The family Muscidae was represented by: 1), Atherigona orientalis Schiner, 1868, genus previously reported in the Province of Antioquia by Pérez (2007). 2), Musca domestica Linnaeus, 1758, a widely distributed specie, and 3), Ophyra aenescens (Wiedemann, 1830), reported in this study for the first time in the urban area of Medellín, although the genus was reported previously in the Province of Antioquia by Pérez (2007).
The family Sarcophagidae (Fleshflies) was mainly represented by the genera Oxysarcodexia and Peckia, both taxa widely distributed in Colombia, were previously reported by Pape et al. (2004) and Buenaventura et al. (2007).
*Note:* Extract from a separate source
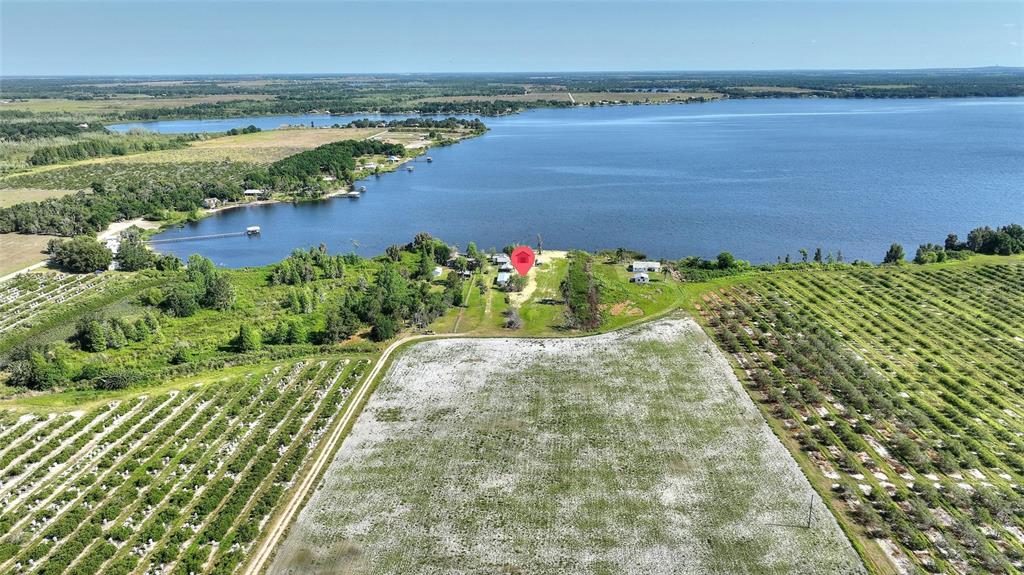 2427 Black Road Fort Meade, FL 33841 - Photo 10 of 26 a view of a lake with a yard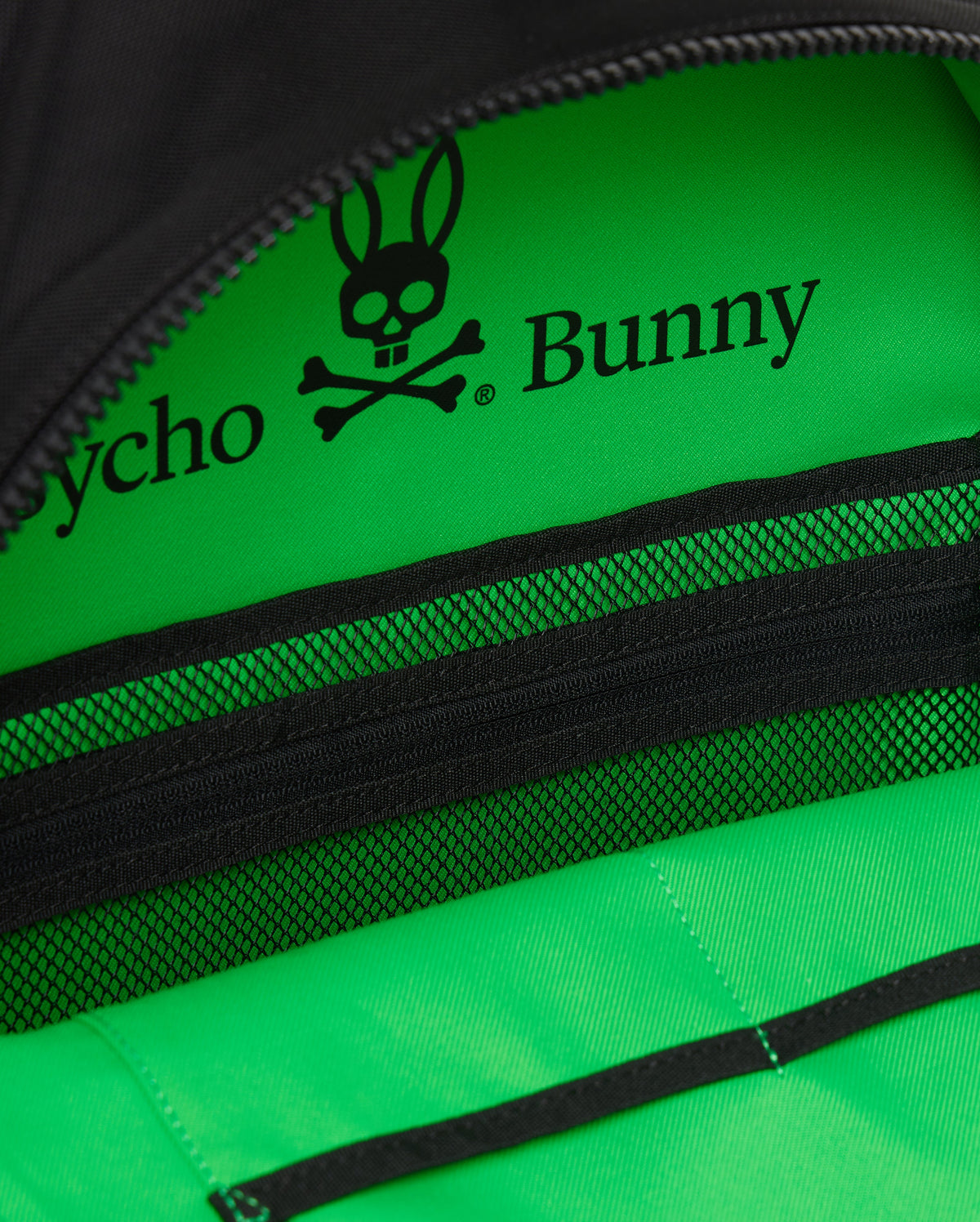 Close-up view of a vibrant green section of an Psycho Bunny Dome Backpack featuring a black graphic logo of a bunny with a skull and crossbones and the text "psycho bunny." Black zippers and mesh detail.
Neotropical Peckia species, found here, were recently reviewed and keyed by Buenaventura and Pape (in press). Blaesoxipha plinthopyga is previously reported from Antioquia (Pape et al., 2004). Sarcodexia lambens previously reported in Chocó, Magdalena and Putumayo provinces, and finally Sarcophaga ruficornis reported in an insular area from Colombia by Buenaventura et al. (2007).
And finally, Fannidae, with specimens that could not be identified at the species level, due to the fact that no males were collected in order to review diagnostic characters. Fannia and Euryomma species reported here have been reviewed and keyed by Grisales (2010).
The entomofauna in the tropics is characterized to be rich in species and still underestimated (Gaston, 1991). Necrophagous flies communities found in Neotropical environments probably are not the exception in terms of species richness if compared with other studies in the holartic region whose assemblages comprise only a few number of species, usually dominated by 1 to 3 species (Hanski, 1987).
The composition of species presented in this study may serve as baseline for future ecological research in a multidimensional scale, and will provide support to consolidate the framework in the use of techniques of forensic entomology development. We believe that conducting longterm studies at Medellín can provide a better understanding of these fly communities and the species richness will be most likely increased.
We thank the Muscidae and Sarcophagidae specialist named in the text for taxonomic identifications. We also thank to the Director's Office of Research and Postgraduate courses (CITIA) and the Committee of Research (CODEI) of Tecnológico de Antioquia; for the financial support. To Eliana Buenaventura for sharing Sarcophagidae unpublished data.